This test writes a total of 32 GB of data using a 32 MB block size and an I/O depth of 8. The workload performs a random write operation using the io_uring I/O engine with direct I/O enabled, targeting the block device /dev/dgnvmeblk0. The test is executed using the following command:

fio --name=write_test --filename=/dev/dgnvmeblk0 --size=32G --bs=32M --iodepth=8 --rw=randwrite --ioengine=io_uring --direct=1

Figure 7 shows the result of the random write test executed with the fio benchmark. The upper portion of the figure displays the command execution and real-time progress output, while the lower portion presents the final performance summary. In this example, a write bandwidth of 4195 MB/s is achieved.

 

Figure 7 fio Random Write Test (Gen4 Speed)


 

2.1.3     Sequential Read

This test reads a total of 32 GB of data using a 32 MB block size and an I/O depth of 8. The workload performs a sequential read operation using the io_uring I/O engine with direct I/O enabled, targeting the block device /dev/dgnvmeblk0. The test is executed using the following command:

fio --name=read_test --filename=/dev/dgnvmeblk0 --size=32G --bs=32M --iodepth=8 --rw=read --ioengine=io_uring --direct=1

Figure 8 shows the result of the sequential read test executed with the fio benchmark. The upper portion of the figure displays the command execution and real-time progress output, while the lower portion presents the final performance summary. In this example, a read bandwidth of 5107 MB/s is achieved.

 

Figure 8 fio Sequential Read Test (Gen4 Speed)


 

2.1.4     Random Read

This test reads a total of 32 GB of data using a 32 MB block size and an I/O depth of 8. The workload performs a random read operation using the io_uring I/O engine with direct I/O enabled, targeting the block device /dev/dgnvmeblk0. The test is executed using the following command:

fio --name=read_test --filename=/dev/dgnvmeblk0 --size=32G --bs=32M --iodepth=8 --rw=randread --ioengine=io_uring --direct=1

Figure 9 shows the result of the random read test executed with the fio benchmark. The upper portion of the figure displays the command execution and real-time progress output, while the lower portion presents the final performance summary. In this example, a read bandwidth of 5026 MB/s is achieved.

 

Figure 9 fio Random Read Test (Gen4 Speed)


 

2.1.5     Mixed Write/Read

This test performs a mixed write/read workload with a total data size of 32 GB using a 32 MB block size and an I/O depth of 16. The workload executes a mixed write/read operation using the io_uring I/O engine with direct I/O enabled, targeting the block device /dev/dgnvmeblk0. The test is executed using the following command:

fio --name=rw_test --filename=/dev/dgnvmeblk0 --size=32G --bs=32M --iodepth=16 --rw=readwrite --ioengine=io_uring --direct=1

Figure 10 illustrates the results of the mixed write/read test executed with the fio benchmark. The results report a write bandwidth of 2635 MB/s and a read bandwidth of 2475 MB/s.

 

Figure 10 fio Mixed Read/Write Test (Gen4 Speed)


 

2.2      io-uring-perf Application

In this subsection, the io-uring-perf application provided by Design Gateway is used to evaluate raw data I/O performance. The application is based on the io_uring I/O engine and allows direct interaction with the NVMe block device to measure achievable throughput.

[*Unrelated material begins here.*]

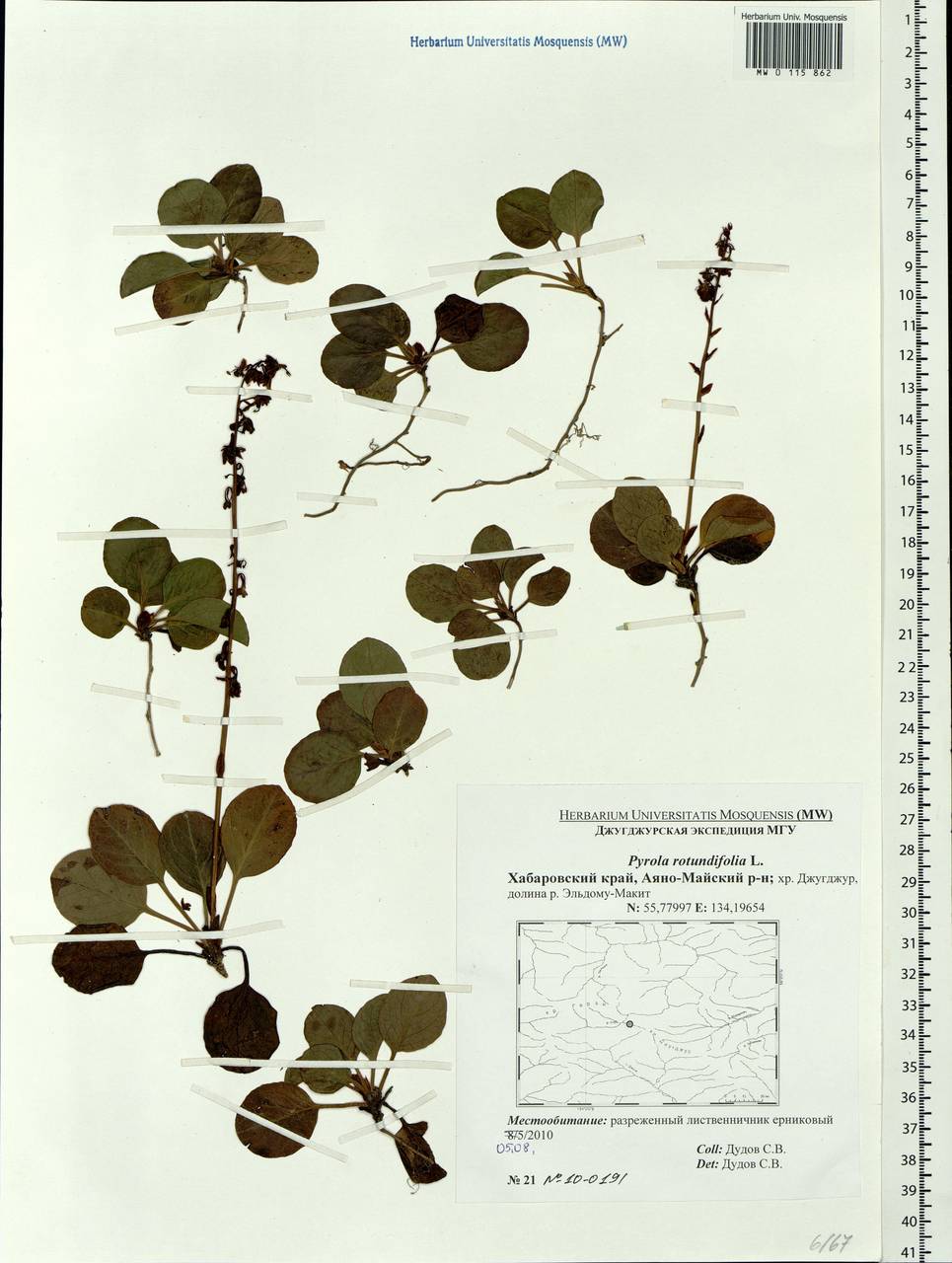 Pyrola rotundifolia L., Siberia, Russian Far East (S6) (Russia)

The test scenarios include Sequential Write, Sequential Read, and Mixed Write/Read operations. The application supports configurable parameters, enabling users to adjust test conditions and observe performance behavior under different workloads. An example of the command usage and supported options is shown in Figure 11.

 

Figure 11 io-uring-perf Usage


 

2.2.1     Sequential Write

This test writes a total of 32 GB of data using a 32 MB block size and an I/O depth of 8. The workload performs a sequential write operation targeting the block device /dev/dgnvmeblk0. To achieve the best performance, an all-zero data pattern is used. The test is executed using the following command:

io-uring-perf /dev/dgnvmeblk0 32G 32M 8 write -p all_0

Figure 12 shows the result of the sequential write test executed with the io-uring-perf application. The upper portion of the figure displays the command execution and real-time progress output, while the lower portion presents the final performance summary. In this example, a write bandwidth of 6302.8 MB/s is achieved.

 

Figure 12 Sequential Write Test on io-uring-perf Application (Gen4 Speed)


 

In addition to the all-zero pattern, users can select other test data patterns—such as incremental pattern—to verify data correctness. When using an incremental pattern, write performance may be lower due to the increased CPU workload required to generate the data pattern.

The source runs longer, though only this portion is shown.